Really please just drop this patch. There is no rational reason for
you to associate the maximum payload size to the logical sector size.

And please stop using the ATA SCSI Response Buffer (ata_scsi_rbuf)
that is used for response to the SCSI layer for SCSI commands that
won't really interact with the ATA device (i.e. triggers an ATA
command), while ata_format_sct_write_same() and
ata_scsi_write_same_xlat() are used for constructing payload that is
going to be send to the ATA device. Can't you even see that these are
of different direction to different layer?

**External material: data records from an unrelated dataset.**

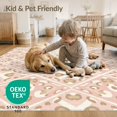 thumbnail image 4 of ODIKA Spotted Boho Layout Border Cheetah Inspired Pink Print Leopard Playful for Queen Size Bedroom, Under Bed, Master Suite, Foldable Easy Care, 4 of 7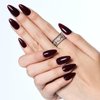 GLAMERMAID Press on Nail Medium Almond, Christmas Handmade Gothic Burgundy Jelly Gel Glue on Nail, 24Pcs Glossy Short Stiletto Reusable UV Finish Fake Nail Acrylic False Nails Manicure Kits for Women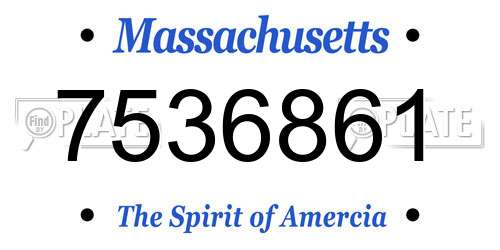 7536861 Massachusetts License Plate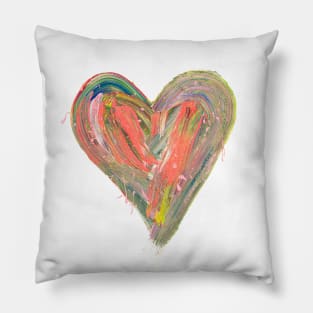 Orange Painted Heart with Expressive Brushstrokes and Gold Pillow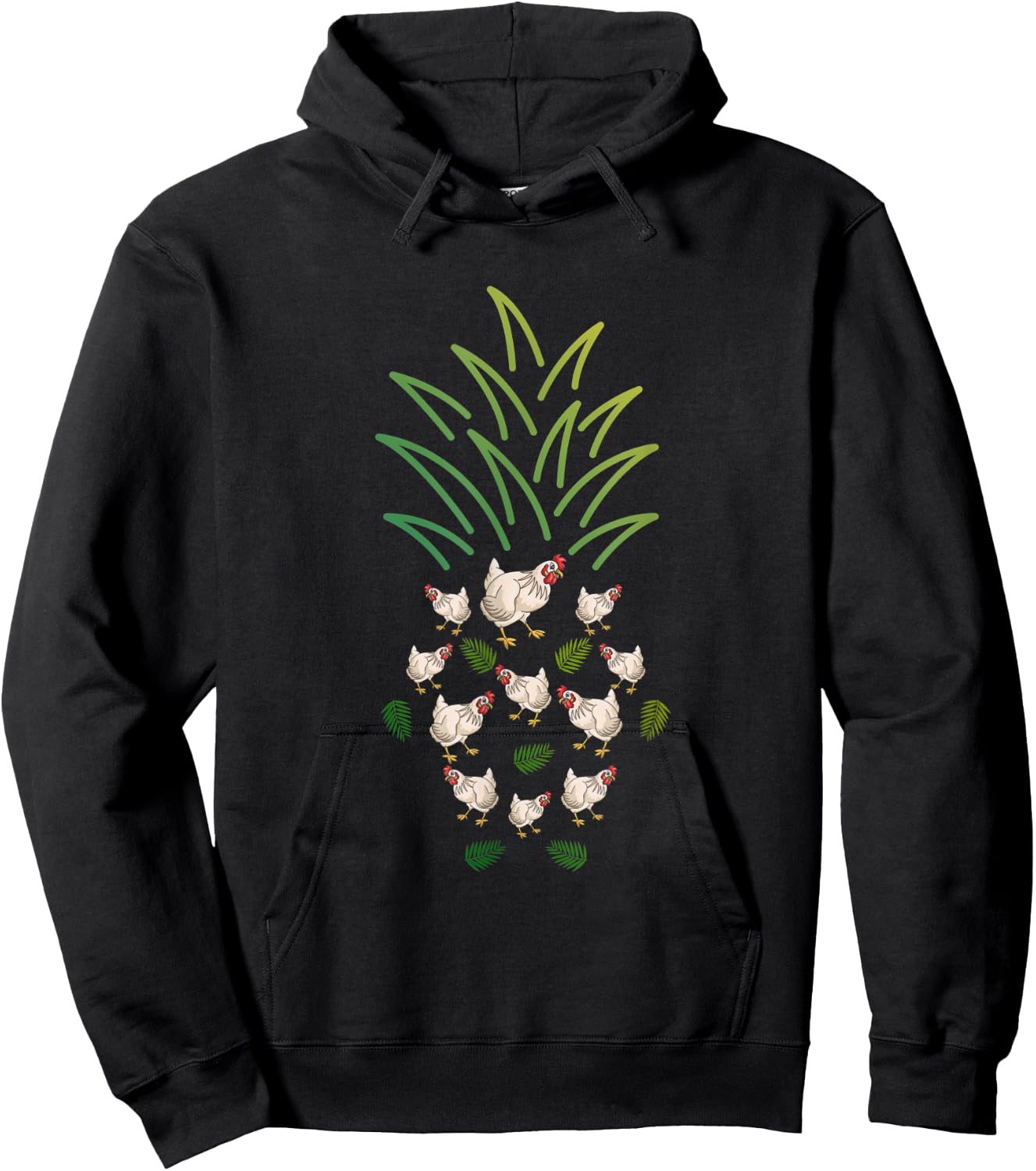 Cute Farm Animal Funny Chicken Pineapple Hoodie - Hoodie | Black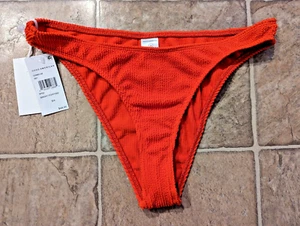 New Good American sz 3/4 textured Bikini bottoms only swim bright poppy red 4481 - Picture 1 of 3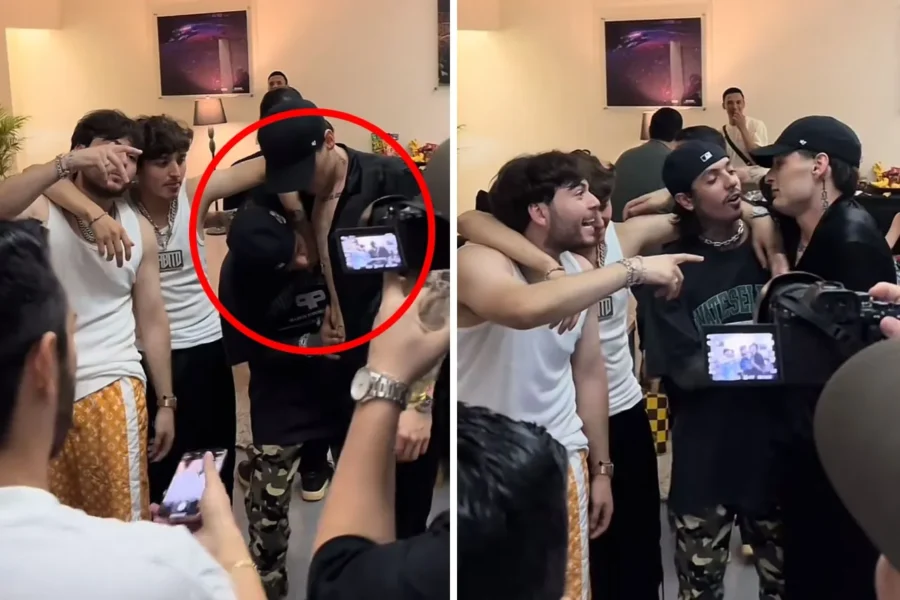 Natanael Cano le da un beso en el abdomen a Peso Pluma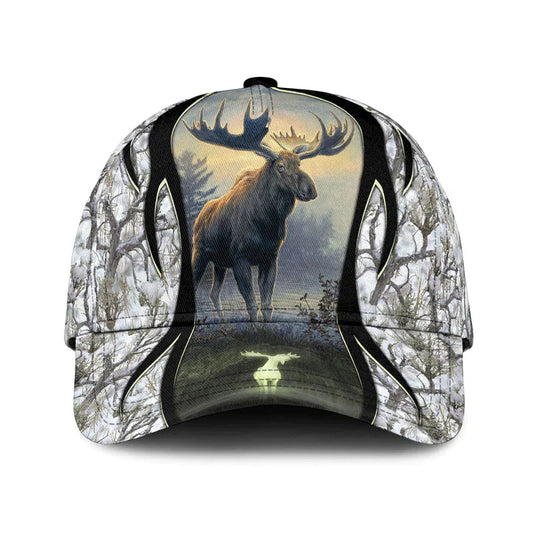 Maxcorners 3D All Over Print Baseball Cap Hunting Moose Forest Cap LM0402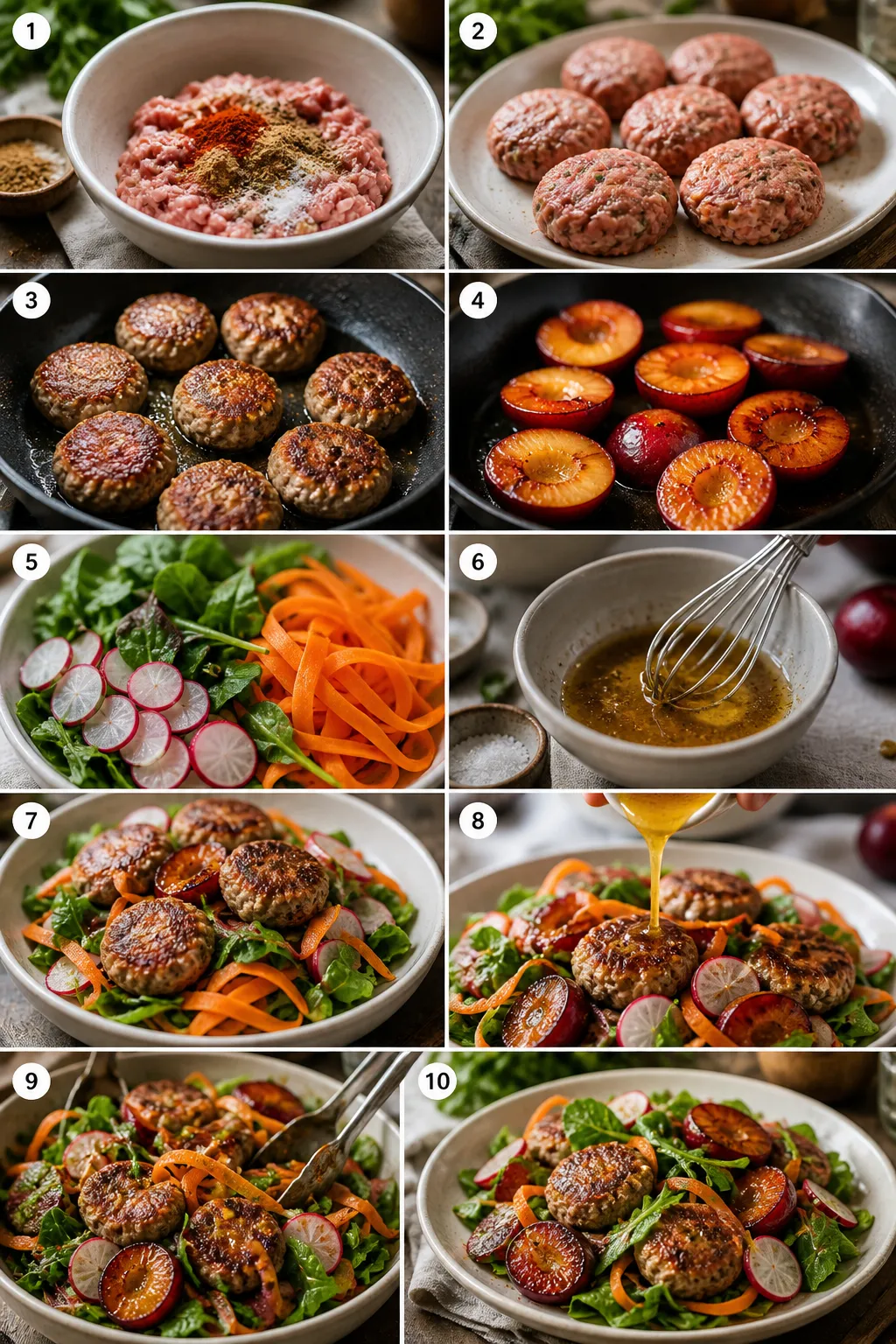Step-by-step collage of cooking pork, caramelizing plums, and assembling a warm salad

On 25 August 2016 at 02:08, Shaun Tancheff <shaun@tancheff.com> wrote:
> Correct handling of devices with sector_size other that 512 bytes.
>
> In the case of a 4Kn device sector_size it is possible to describe a much
> larger DSM Trim than the current fixed default of 512 bytes.
>
> This patch assumes the minimum descriptor is sector_size and fills out
> the descriptor accordingly.
>
> The ACS-2 specification is quite clear that the DSM command payload is
> sized as number of 512 byte transfers so a 4Kn device will operate
> correctly without this patch.
>
> Signed-off-by: Shaun Tancheff <shaun.tancheff@seagate.com>
> ---
> v5:
>  - Reshuffled descripton.
>  - Added support for a sector_size descriptor other than 512 bytes.
>
>  drivers/ata/libata-scsi.c | 85 +++++++++++++++++++++++++++++++----------------
>  1 file changed, 57 insertions(+), 28 deletions(-)
>
> diff --git a/drivers/ata/libata-scsi.c b/drivers/ata/libata-scsi.c
> index ebf1a04..37f456e 100644
> --- a/drivers/ata/libata-scsi.c
> +++ b/drivers/ata/libata-scsi.c
> @@ -3283,7 +3283,7 @@ static unsigned int ata_scsi_pass_thru(struct ata_queued_cmd *qc)
>  /**
>   * ata_format_dsm_trim_descr() - SATL Write Same to DSM Trim
>   * @cmd: SCSI command being translated
> - * @num: Maximum number of entries (nominally 64).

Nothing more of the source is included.